Hawthorne no ocultó su sorpresa al comprobar que Hayden estaba al corriente de aquello.

—El mismo. Espero que el joven haya acudido de veras a la iglesia. Si no se encuentra familiarizado con el rito habitual se confirmarán los rumores.

—Creo que Smosh escogió a Gould con intención de acallar dichas habladurías, y también que se asegurará de que el joven cumpla con su papel. Al menos eso espero. —En ese momento se le ocurrió que Smosh podría pretender todo lo contrario… pero no, estaba seguro de que el clérigo no era de esa clase de personas.

—Recemos —dijo Hawthorne con el tono de un sacerdote desde el púlpito.

Hayden permaneció en cubierta hasta que McIntosh logró, bordada tras bordada, llegarse a su altura a través del convoy, y ponerse en facha a la voz de la Themis. La goleta, con las velas arrizadas, era muy marinera y navegaba tan bien de bolina como ninguna otra embarcación que Hayden hubiese visto.

—¡Ni rastro de nuestro barco perdido, capitán! —informó a voz en cuello desde la regala—. Ni siquiera hemos divisado restos en el agua. Si se fue a pique, no tuvo tiempo de arriar los botes. —Se encogió de hombros, perplejo—. No lo entiendo.

—Nunca oí de un barco que se hundiera tan rápidamente, a menos que explotara. No creo que podamos hacer más hasta que pase la tormenta, pero quiero que lleve una carta al capitán Cole, si es tan amable.

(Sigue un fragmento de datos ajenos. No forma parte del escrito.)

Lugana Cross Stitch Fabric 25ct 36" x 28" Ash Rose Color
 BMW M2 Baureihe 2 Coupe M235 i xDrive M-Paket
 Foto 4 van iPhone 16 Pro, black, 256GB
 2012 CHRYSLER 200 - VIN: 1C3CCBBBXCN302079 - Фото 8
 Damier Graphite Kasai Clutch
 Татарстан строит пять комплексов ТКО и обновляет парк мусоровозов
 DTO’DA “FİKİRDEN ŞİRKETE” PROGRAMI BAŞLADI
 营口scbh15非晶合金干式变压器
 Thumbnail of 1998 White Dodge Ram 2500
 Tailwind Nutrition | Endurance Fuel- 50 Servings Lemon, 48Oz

Hayden envió al sirviente a pedir a Griffiths la lista de remedios que necesitaba. El sirviente regresó al cabo de un cuarto de hora, y McIntosh aventó escotas y se deslizó entre los barcos del convoy como una gaviota que vuela con viento de cola.

Una ráfaga de lluvia alcanzó a Hayden en la espalda, empapándolo. Oyó que flameaba la lona en lo alto del aparejo, lo cual lo hizo volverse y alzar la vista. Ahí, bajo la cruceta, una bandera amarilla se agitaba como loca.